A recent report on border surveillance in West Bengal observed: “The Border Security Force (BSF) has implemented a hybrid approach, combining traditional techniques with state-of-the-art technology, to secure the porous, unfenced India-Bangladesh international border and effectively combat potential intruders, smuggling and human trafficking…And night vision cameras, motion detectors, and improvised alarms are some of the equipment that are being deployed to enhance surveillance and deter illegal crossings in the border area.” (The Indian Express, January 9, 2025) To put it in the words of a senior official: “BSF’s South Bengal Frontier, which guards 913 km length of the international border between the two neighbours, extensively uses electronic surveillance in cohesion with conventional methods like sentry posts and foot patrolling…” (quoted in ibid.)

Such escalation in border surveillance on the part of the Indian State has embittered India-Bangladesh diplomatic relations. In a very recent official press release (January 12, 2025), the Ministry of Foreign Affairs, Bangladesh, expressed “deep concern” to the High Commissioner of India over the recent activities of the BSF of India along the India-Bangladesh border. It is reported in The Hindu (January 12) that “the development came hours after Dhaka alleged that India was trying to construct fences at five locations along the Indo-Bangla border, in violation of a bilateral agreement.”

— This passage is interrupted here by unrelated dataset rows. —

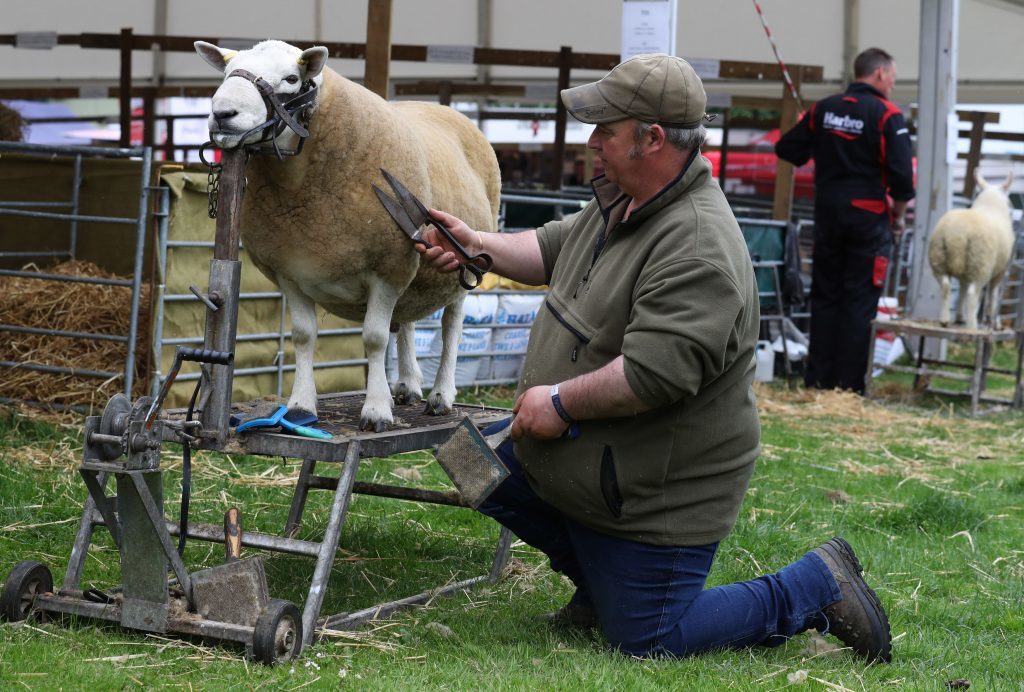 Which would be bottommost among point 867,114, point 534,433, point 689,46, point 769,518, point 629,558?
point 769,518

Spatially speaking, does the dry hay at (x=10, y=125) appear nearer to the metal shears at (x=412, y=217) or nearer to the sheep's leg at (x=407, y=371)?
the sheep's leg at (x=407, y=371)

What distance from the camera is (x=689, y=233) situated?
2949 millimetres

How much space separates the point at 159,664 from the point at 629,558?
1.19 m

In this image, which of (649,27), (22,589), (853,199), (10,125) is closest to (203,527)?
(22,589)

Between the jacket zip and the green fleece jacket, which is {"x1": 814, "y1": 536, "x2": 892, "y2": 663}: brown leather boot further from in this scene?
the jacket zip

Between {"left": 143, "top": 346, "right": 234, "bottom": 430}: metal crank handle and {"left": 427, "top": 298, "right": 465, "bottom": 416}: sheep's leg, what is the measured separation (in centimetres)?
97

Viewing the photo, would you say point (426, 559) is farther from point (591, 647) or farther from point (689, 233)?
point (689, 233)

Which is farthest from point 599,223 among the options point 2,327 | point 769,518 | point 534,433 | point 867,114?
point 867,114

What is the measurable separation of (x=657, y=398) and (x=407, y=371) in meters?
1.41

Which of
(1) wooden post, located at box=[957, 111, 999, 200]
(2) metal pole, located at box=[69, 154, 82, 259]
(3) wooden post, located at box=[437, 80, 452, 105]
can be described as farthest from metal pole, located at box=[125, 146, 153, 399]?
(1) wooden post, located at box=[957, 111, 999, 200]

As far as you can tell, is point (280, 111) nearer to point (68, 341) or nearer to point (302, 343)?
point (302, 343)

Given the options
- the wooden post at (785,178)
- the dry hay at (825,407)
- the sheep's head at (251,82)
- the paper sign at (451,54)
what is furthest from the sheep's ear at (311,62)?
the wooden post at (785,178)

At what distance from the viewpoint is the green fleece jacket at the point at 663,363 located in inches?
113

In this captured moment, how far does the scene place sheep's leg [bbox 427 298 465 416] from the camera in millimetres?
3891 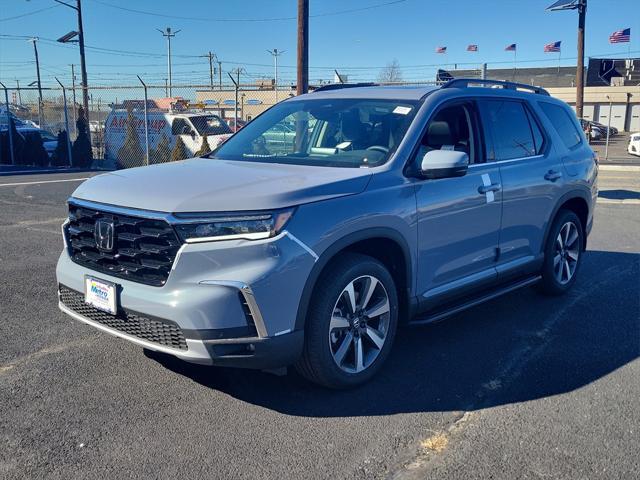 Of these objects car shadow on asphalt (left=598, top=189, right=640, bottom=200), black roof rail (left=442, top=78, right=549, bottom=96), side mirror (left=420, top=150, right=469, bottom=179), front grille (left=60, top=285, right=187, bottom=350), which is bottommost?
car shadow on asphalt (left=598, top=189, right=640, bottom=200)

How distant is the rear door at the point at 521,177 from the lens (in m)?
5.17

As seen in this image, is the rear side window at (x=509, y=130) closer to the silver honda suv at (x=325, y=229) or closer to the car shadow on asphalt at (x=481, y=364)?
the silver honda suv at (x=325, y=229)

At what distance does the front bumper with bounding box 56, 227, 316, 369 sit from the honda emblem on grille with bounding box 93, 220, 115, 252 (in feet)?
1.41

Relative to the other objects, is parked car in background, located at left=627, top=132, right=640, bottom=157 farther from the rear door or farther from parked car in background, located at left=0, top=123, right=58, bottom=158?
the rear door

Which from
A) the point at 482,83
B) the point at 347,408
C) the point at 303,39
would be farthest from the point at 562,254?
the point at 303,39

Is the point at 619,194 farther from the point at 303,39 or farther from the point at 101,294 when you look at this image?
the point at 101,294

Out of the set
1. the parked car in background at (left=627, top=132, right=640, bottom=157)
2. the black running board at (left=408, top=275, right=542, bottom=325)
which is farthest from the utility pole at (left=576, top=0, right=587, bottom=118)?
the black running board at (left=408, top=275, right=542, bottom=325)

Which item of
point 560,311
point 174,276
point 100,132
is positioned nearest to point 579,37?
point 100,132

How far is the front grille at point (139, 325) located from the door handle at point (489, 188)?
254 cm

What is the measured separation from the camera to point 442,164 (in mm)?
4176

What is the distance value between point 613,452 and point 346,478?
1.43m

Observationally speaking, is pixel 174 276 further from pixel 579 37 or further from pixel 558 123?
pixel 579 37

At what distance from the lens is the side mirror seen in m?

In the past, frequent clashes between the BSF and the Indian border residents took place due to coercive methods being used by the former in the border villages to ensure surveillance and border control. One might reasonably ask in this connection, why the villagers are now acting as foot soldiers of the Indian State in border surveillance. It is difficult to answer this question without ethnographic research. It seems that anti-minority violence unleashed in Bangladesh in the wake of change of its political regime is acting as a catalyst in propagating anti-Bangladeshi feelings in the border villages in West Bengal.